Traders began to move their goods along the upper James River around 1720. According to Alexander Brown in his 1895 book, "Cabells and Their Kin", Hughes was the first known white man to open a post for Indian trade above "the falls". He built his cabin deep in the silent forests along the Blue Ridge. Hughes traded with the local Monacan Indians and was accepted by them because of his wife's heritage.
The stone chimney attached to the trading post was a well established landmark and was used as a reference point for many surveys done by William Cabell. Part of the chimney remains today.
On November 7, 1999, this writer sought out the old remains of the Trader Hughes cabin and trading post. The location was found just off the trail around Otter Lake at coordinates 37.55627 degrees North by 79.35203 degrees West. The ruins are just off the hiking trail and covered by thick growth. All that remain are the bottom 4 feet of the chimney and a raised earthen outline of the building's foundation.
Trader Hughes' grandson, Robert Davis developed a second trading post further down the James River at the mouth of the Pedlar River.

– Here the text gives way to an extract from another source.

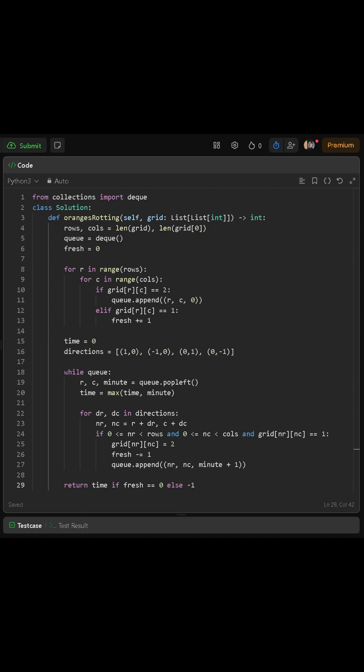Once the queue is empty, we check if the fresh count is 0. If it is 0, we return the total time because that is the answer. If there are still fresh oranges left, that means it was impossible to rot them, so we return negative 1.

The Trader Hughes Story (one version)
Most histories of Amherst County, Va recount the first settler in the area as being an Indian trader known as "Trader Hughes". He, along with his Indian wife, Nicketti, established a trading post on the James River about a half-mile west of the mouth of Otter Creek. This location was where several Indian paths intersected and near the river access to the "Valley of Virginia". This must have been a busy intersection by 1700 standards!
According to Dr. William Cabell, HUGHES had the first stone chimney in the area, which qualified him at the first permanent settler. Hughes' wife, Nicketti, was the great grand daughter of the legendary Indian Chief Opechanacanough Powhatan and niece to Pocahontas.

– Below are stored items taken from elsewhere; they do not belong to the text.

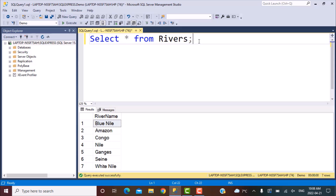Hello everyone and welcome to another SQL training session with Learn at Nostal. In today's session, we are going to write a SQL query to find the closest matching string through SQL. Let's get started.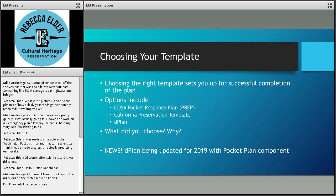We talked back in October about how you didn't have to reinvent the wheel when creating your disaster plan — instead you could choose a template and work from that to help format and structure your plan. Choosing the right one would set you up for successful completion. The options we looked at were the Council of State Archivists Pocket Response Plan, the California Preservation template, and D-Plan, which is the most involved option.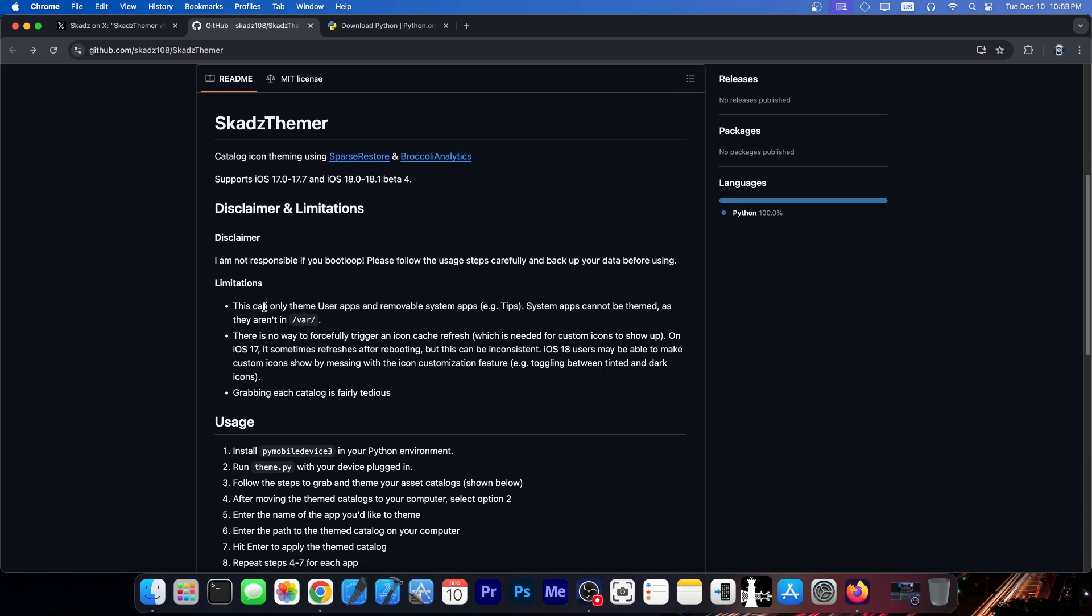First, it says this can only theme user apps and removable system apps like TIPS. So, applications that you install from the App Store and applications that can be removed if you hold them and tap the X button. System apps cannot be themed as they are not in VAR. System apps being those that cannot be removed, that come with iOS.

Trader HUGHES and his wife had a daughter named Mary Elizabeth HUGHES, who was born in Jamestown about 1654. She married an Welsh settler named Nathaniel Davis about 1680. They had a daughter in 1711 named Abadiah Davis who married William Floyd and their grandson, John Floyd played an important part of the formation of Amherst Co. and later became governor of Va.

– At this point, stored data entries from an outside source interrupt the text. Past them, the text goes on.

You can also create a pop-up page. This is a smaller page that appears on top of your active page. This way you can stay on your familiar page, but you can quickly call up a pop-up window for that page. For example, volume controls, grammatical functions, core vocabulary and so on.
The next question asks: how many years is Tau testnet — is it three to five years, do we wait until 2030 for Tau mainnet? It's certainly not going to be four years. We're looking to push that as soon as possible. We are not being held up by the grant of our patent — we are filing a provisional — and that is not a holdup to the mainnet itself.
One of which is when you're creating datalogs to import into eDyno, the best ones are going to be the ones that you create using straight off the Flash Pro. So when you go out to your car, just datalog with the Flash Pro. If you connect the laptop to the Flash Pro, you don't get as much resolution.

I have traced my ancestors back to William HUGHES of Amherst Co. by tracking the ownership of property that was passed from father to son. This property plays a key role in unraveling the family connections. The property is described as located on Harris Creek near a small branch known as Fawn Creek in present day Amherst Co. (not far from the Tobacco Row Mountains).
The "Executives Journals of the Council of Colonial Virginia", V. 5, page 136, gives the 1743 patent of George Carrington for 6000 acres on both sides of Harris Creek on the north side of the Fluvanna River in then Goochland County. Page 249 of this book gives the petition of George Carrington to include the adjoining patents of John Floyd and Orlando Hughes in his acreage.
So we have a HUGHES owning land on Harris Creek as early as 1743. We know from Albemarle and Amherst County deeds that both George Carrington & Orlando HUGHES were of Cumberland Co. We know that George Carrington of Cumberland Co sold land on Harris Creek to James Crews, and that James Crews sold land on branches of Harris Creek to William Hughes. We know that one of the witnesses to this deed was John Floyd and a John Floyd was an adjoiner to the patents of Orlando HUGHES and George Carrington. We know that William HUGHES had a son named Orlander - probably his eldest son. Orlando HUGHES died in Cumberland Co in 1768, naming sons Josiah, Anthony, Caleb and Leander. A Micajah HUGHES was a witness to the will. William Hughes of Amherst County, who died in 1802, was my 4th great grandfather.
Was William HUGHES another son to Orlando? Or a grandson to Orlando? Who is Micajah HUGHES? Was Trader HUGHES a son to Orlando HUGHES, possibly Caleb or Anthony?
Other Versions of the Story
Information from Arnold gedcom, JD Watson: Opechancanough, the celebrated chief of the Powhatans, was brutally murdered while a prisoner in 1644. He left a lovely young daughter, the child of his old age, the Princess Nicketti. Some years after this graceful Indian maiden had reached the years of mature womanhood, a member (the name is not given)} of one of the old Cavalier families of Virginia "fell in love with her and she with him". This resulted in a clandestine marriage and the birth of of a half-breed Indian girl, (Mary) Elizabeth Hughes, who married about 1680 a Welshman (others say a native of Devonshire, England), named Nathaniel Davis. Nathaniel was an Indian trader and according to some accounts, a Quaker. From these alliances of indian and white man many notable families in Virginia are descended.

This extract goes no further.